# Canted footbeds really worth it?



## DrnknZag (Feb 7, 2010)

I've talked to a bunch of people about canted footbeds and have received a lot of different feedback. Some people swear by them while others think it's just a gimmick. Being someone who's had some knee pain in the past, the idea is really intriguing. I've been looking for a set of bindings for my NS SL and looking for a set with canted footbeds really limits my choices (currently looking at Ride Alphas/Delta, Rome Targas, K2 Autos).

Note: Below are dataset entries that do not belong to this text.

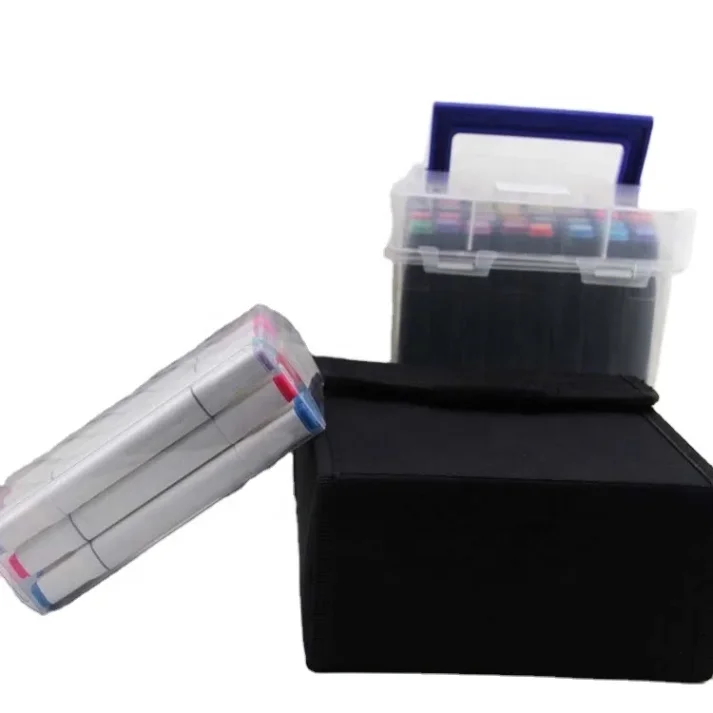 Art supplies marker set with multiple colors for artists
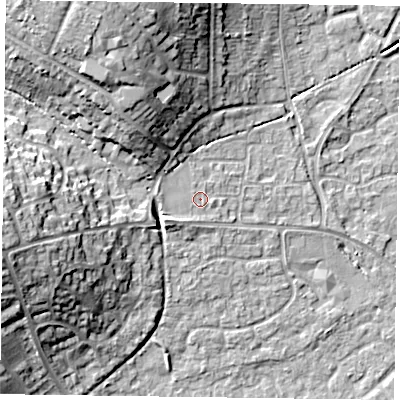 Shaded relief map of the ground around RG63BN, computed from Environment Agency LiDAR. The ground here sits at about 43 m above sea level and falls 17 m across the surrounding 800 m. Surface water reaching this point runs off ground lying to the north-north-west, 12.6 m higher.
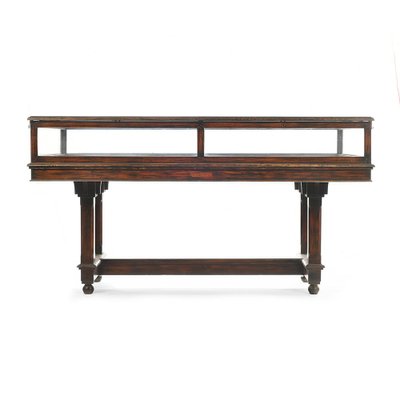 Glass Display Table in Weathered Wood-NQ-850593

What's everyone's thoughts on the canted footbeds?


----------



## ShredLife (Feb 6, 2010)

i've never tried em but know others who have and like em. 

if you're more into carving and charging than bouncing around alot i think it makes more sense. 

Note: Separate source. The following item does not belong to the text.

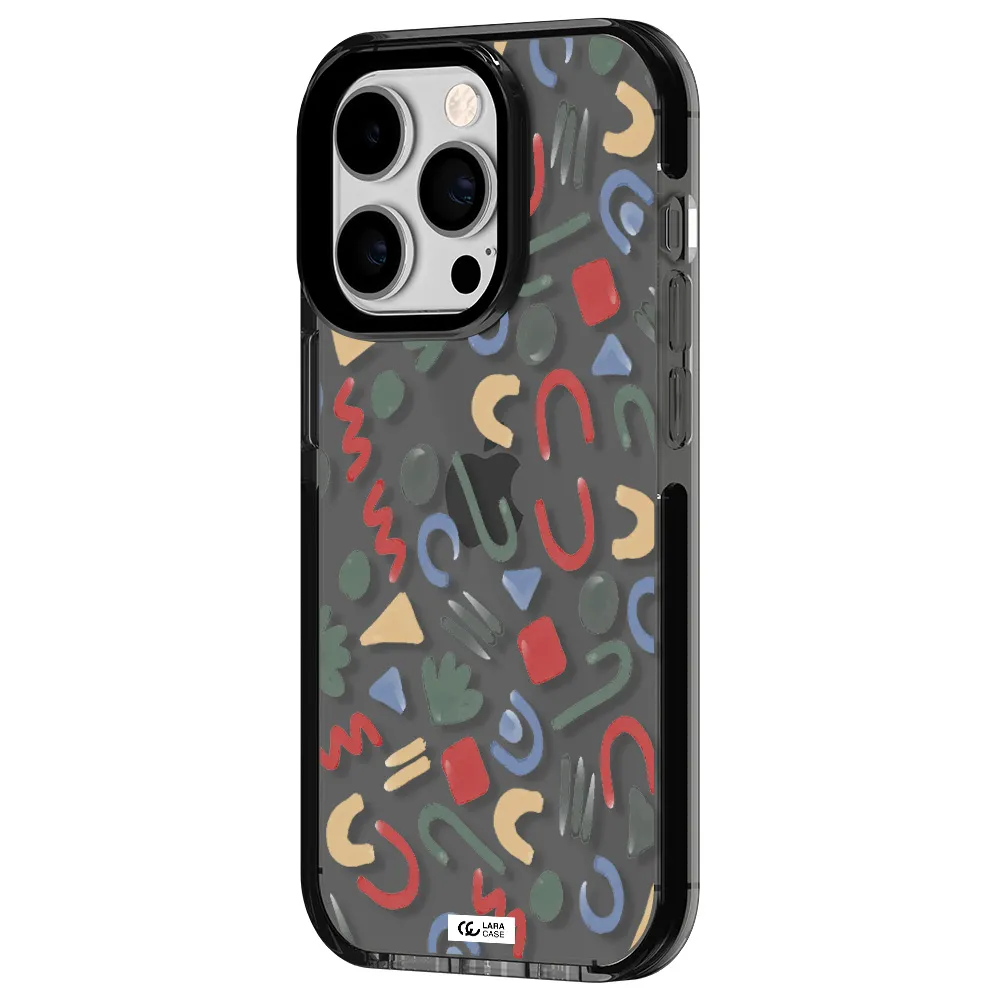 a pattern of colorful shapes Apple iPhone 14 pro impact Smoke Black Case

if you have knee problems (especially mcl) then it makes sense.

only thing you can do is try some and see if they work for you... i just don't like being any higher off of the board then i have to be. 

i'm pretty sure you can still get cant beds that go underneath your bindings, between them and the board.. maybe not as dope as bindings with em built in, but maybe a cheaper way to try em to see if its for you...


----------



## DC5R (Feb 21, 2008)

Ummmm...posting this in the buy and sell section isn't really gonna get your question answered


----------



## DC5R (Feb 21, 2008)

Hmmm...Shredlife just ninja'd me. I guess you can get it answered here.


----------



## killclimbz (Aug 10, 2007)

DC5R said:


> Hmmm...Shredlife just ninja'd me. I guess you can get it answered here.

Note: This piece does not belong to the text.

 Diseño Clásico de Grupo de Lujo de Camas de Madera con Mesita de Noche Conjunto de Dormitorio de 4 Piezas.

That made me chuckle, but I have to agree with you that it needs to be moved sooooooo...


----------



## john doe (Nov 6, 2009)

snowboard binding cant plate - a set on Flickr Not my link.

Easy and cheap way to give it try.


----------



## Method (Apr 3, 2009)

Well the ride contrabands I have are canted, Definitely a noticeable difference in your knees feeling sucked in and your stance feeling narrower. I could imagine it maybe helping your knees just because of how it bends them in, But I don't have knee problems so it's an ominous speculation. But I to have heard from a few others who said it helped their knees, maybe try finding a demo day if possible. Or try the cheap way posted above.


----------



## linvillegorge (Jul 6, 2009)

john doe said:


> snowboard binding cant plate - a set on Flickr Not my link.
> 
> Easy and cheap way to give it try.


Hmmm...

I may actually give that a shot. Only out a few bucks if I don't care for it.


----------



## DrnknZag (Feb 7, 2010)

DC5R said:


> Ummmm...posting this in the buy and sell section isn't really gonna get your question answered


Hahah no wonder I had trouble finding this thread again. Not sure how I ended up posting it in the for sale section. I guess that's what happens when you post from your phone!


----------



## clubmyke (Jan 21, 2010)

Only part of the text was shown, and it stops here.